DATA Block Start

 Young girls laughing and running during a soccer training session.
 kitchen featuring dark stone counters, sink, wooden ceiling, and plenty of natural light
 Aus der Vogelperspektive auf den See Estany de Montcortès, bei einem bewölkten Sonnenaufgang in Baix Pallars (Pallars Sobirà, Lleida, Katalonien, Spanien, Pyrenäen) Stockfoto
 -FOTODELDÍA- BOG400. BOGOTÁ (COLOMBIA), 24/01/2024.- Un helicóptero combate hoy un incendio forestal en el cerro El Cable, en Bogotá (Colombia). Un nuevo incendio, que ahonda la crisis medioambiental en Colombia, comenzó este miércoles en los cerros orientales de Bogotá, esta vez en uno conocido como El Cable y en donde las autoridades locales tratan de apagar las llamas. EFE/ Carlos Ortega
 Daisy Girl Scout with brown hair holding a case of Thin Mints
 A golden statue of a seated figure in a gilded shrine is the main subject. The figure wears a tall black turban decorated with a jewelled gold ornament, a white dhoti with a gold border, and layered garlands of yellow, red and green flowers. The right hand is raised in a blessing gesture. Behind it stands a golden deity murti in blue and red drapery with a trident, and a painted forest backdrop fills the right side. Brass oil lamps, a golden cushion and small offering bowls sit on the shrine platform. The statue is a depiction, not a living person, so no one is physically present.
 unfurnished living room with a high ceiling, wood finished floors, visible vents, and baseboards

DATA Block End
DATA Block Start

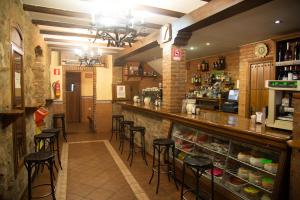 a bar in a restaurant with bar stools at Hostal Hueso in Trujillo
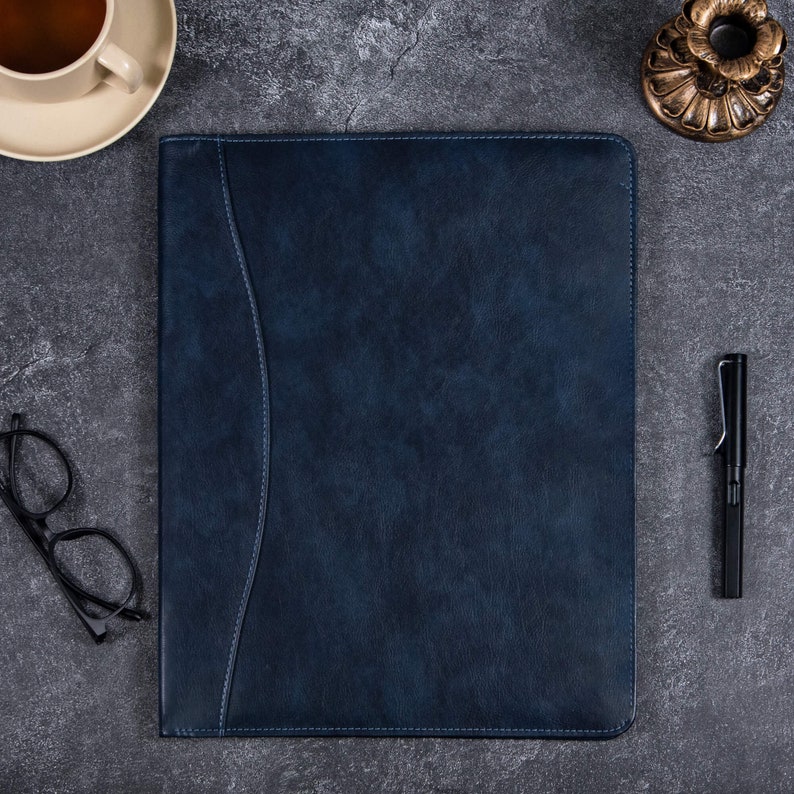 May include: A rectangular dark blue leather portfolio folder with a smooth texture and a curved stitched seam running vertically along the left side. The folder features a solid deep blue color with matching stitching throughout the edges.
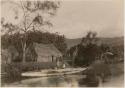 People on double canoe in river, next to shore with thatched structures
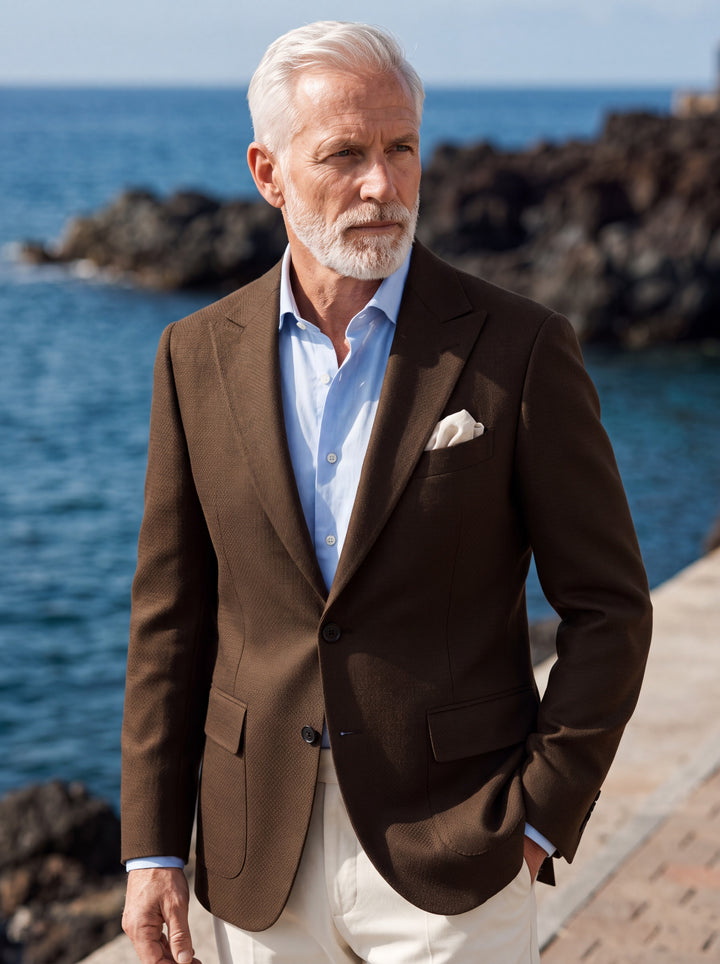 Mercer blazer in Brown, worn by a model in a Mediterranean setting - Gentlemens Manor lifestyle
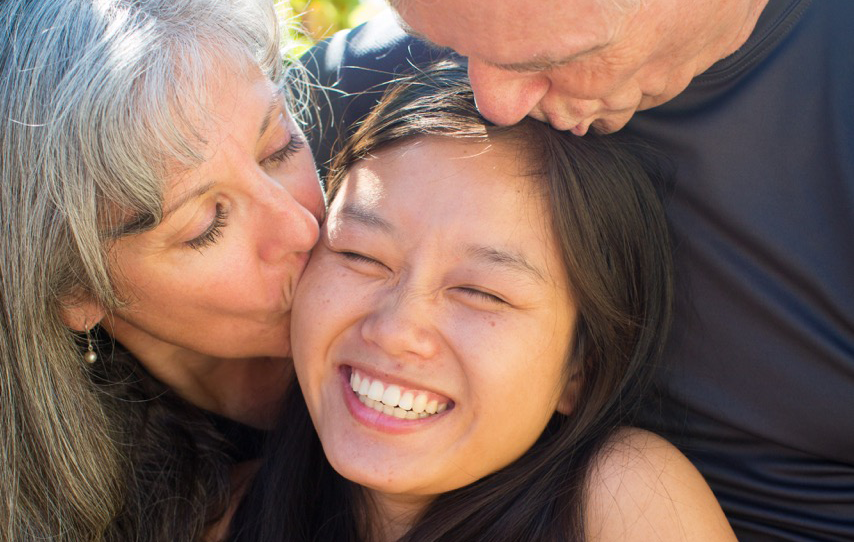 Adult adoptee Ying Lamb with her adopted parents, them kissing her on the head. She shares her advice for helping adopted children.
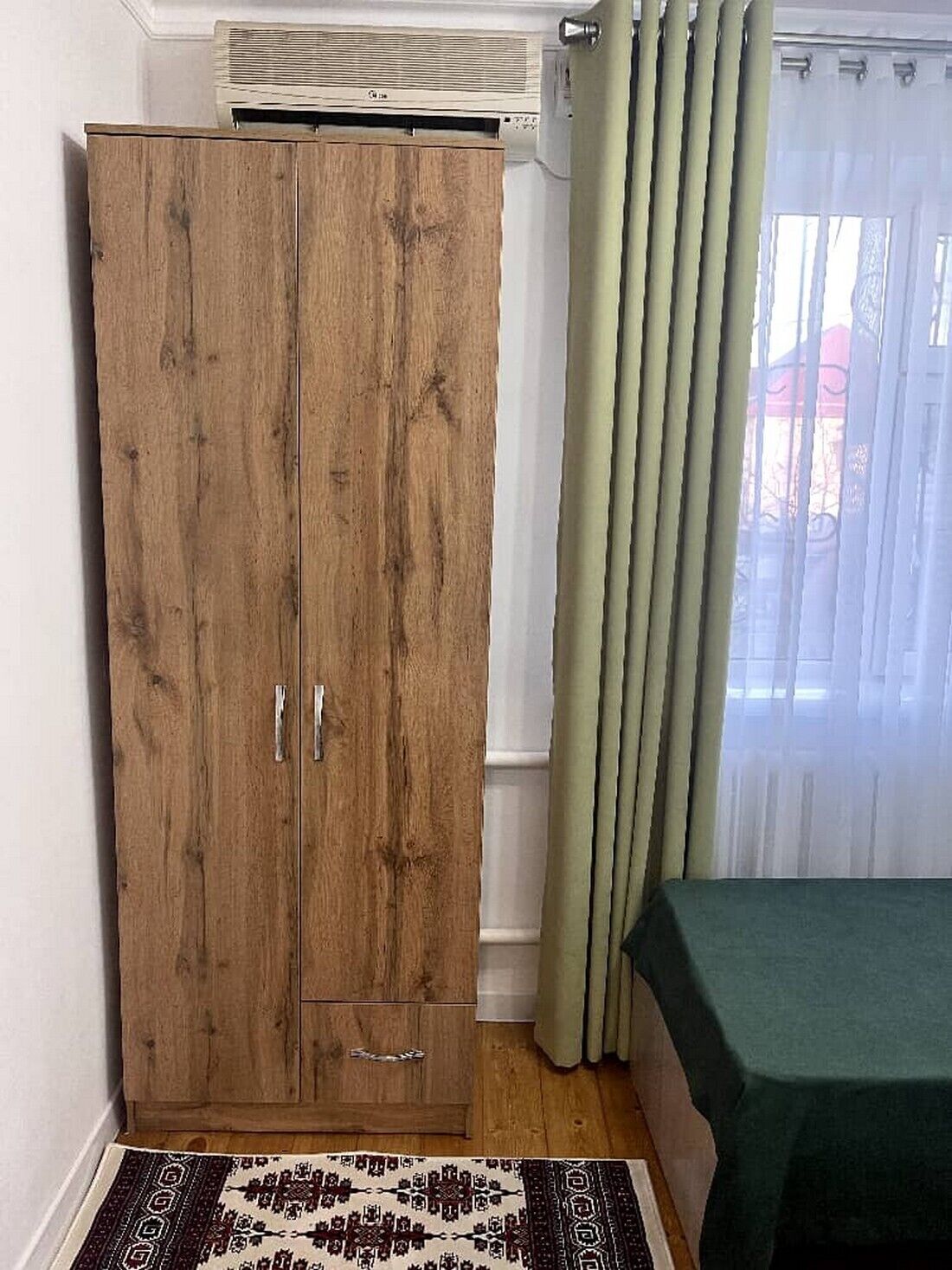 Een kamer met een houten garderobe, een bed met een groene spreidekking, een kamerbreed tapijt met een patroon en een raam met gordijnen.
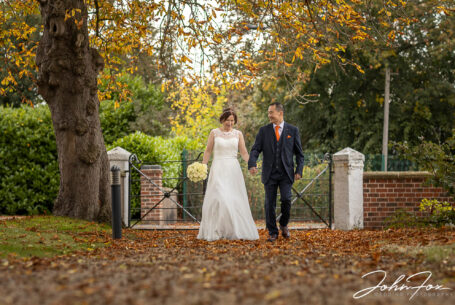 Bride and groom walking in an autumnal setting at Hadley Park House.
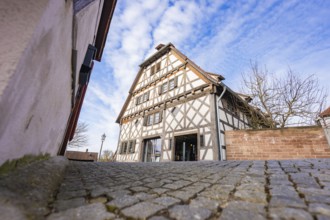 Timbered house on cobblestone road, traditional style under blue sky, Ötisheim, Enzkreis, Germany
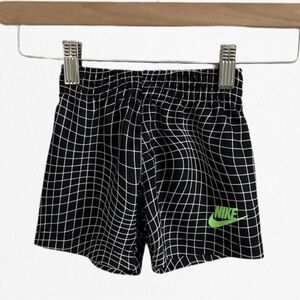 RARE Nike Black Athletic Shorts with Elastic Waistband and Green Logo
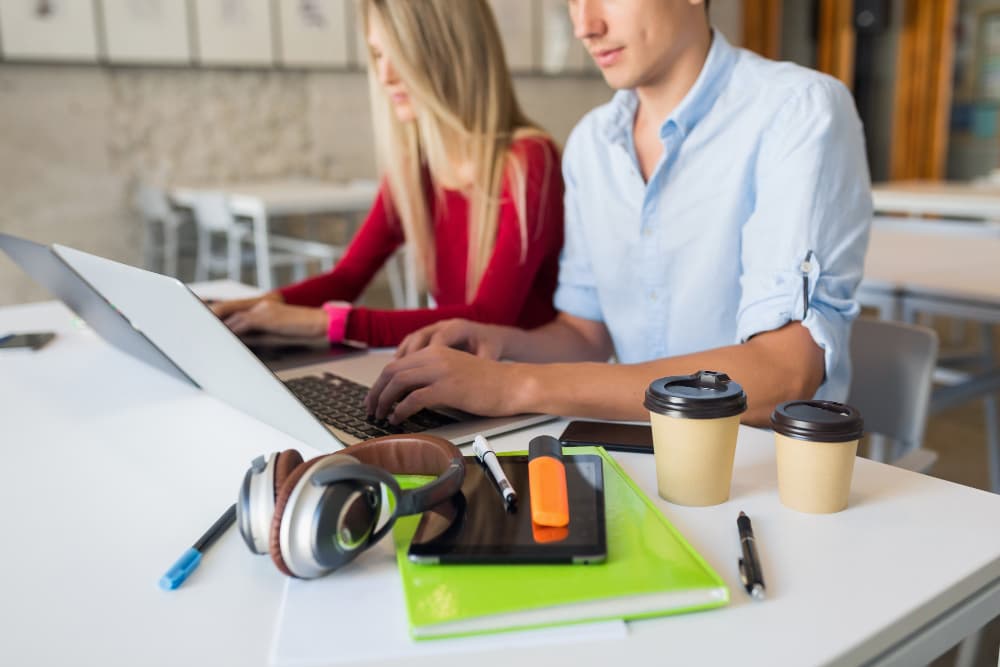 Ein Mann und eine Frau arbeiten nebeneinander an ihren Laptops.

DATA Block End

**WHAT TO WORK ON**
Retype exactly the lines of the data above that fall between the line with "Young girls laughing" and the line with "Daisy Girl Scout", inclusive, and add nothing.

**WRITTEN REPLY**
 Young girls laughing and running during a soccer training session.
 kitchen featuring dark stone counters, sink, wooden ceiling, and plenty of natural light
 Aus der Vogelperspektive auf den See Estany de Montcortès, bei einem bewölkten Sonnenaufgang in Baix Pallars (Pallars Sobirà, Lleida, Katalonien, Spanien, Pyrenäen) Stockfoto
 -FOTODELDÍA- BOG400. BOGOTÁ (COLOMBIA), 24/01/2024.- Un helicóptero combate hoy un incendio forestal en el cerro El Cable, en Bogotá (Colombia). Un nuevo incendio, que ahonda la crisis medioambiental en Colombia, comenzó este miércoles en los cerros orientales de Bogotá, esta vez en uno conocido como El Cable y en donde las autoridades locales tratan de apagar las llamas. EFE/ Carlos Ortega
 Daisy Girl Scout with brown hair holding a case of Thin Mints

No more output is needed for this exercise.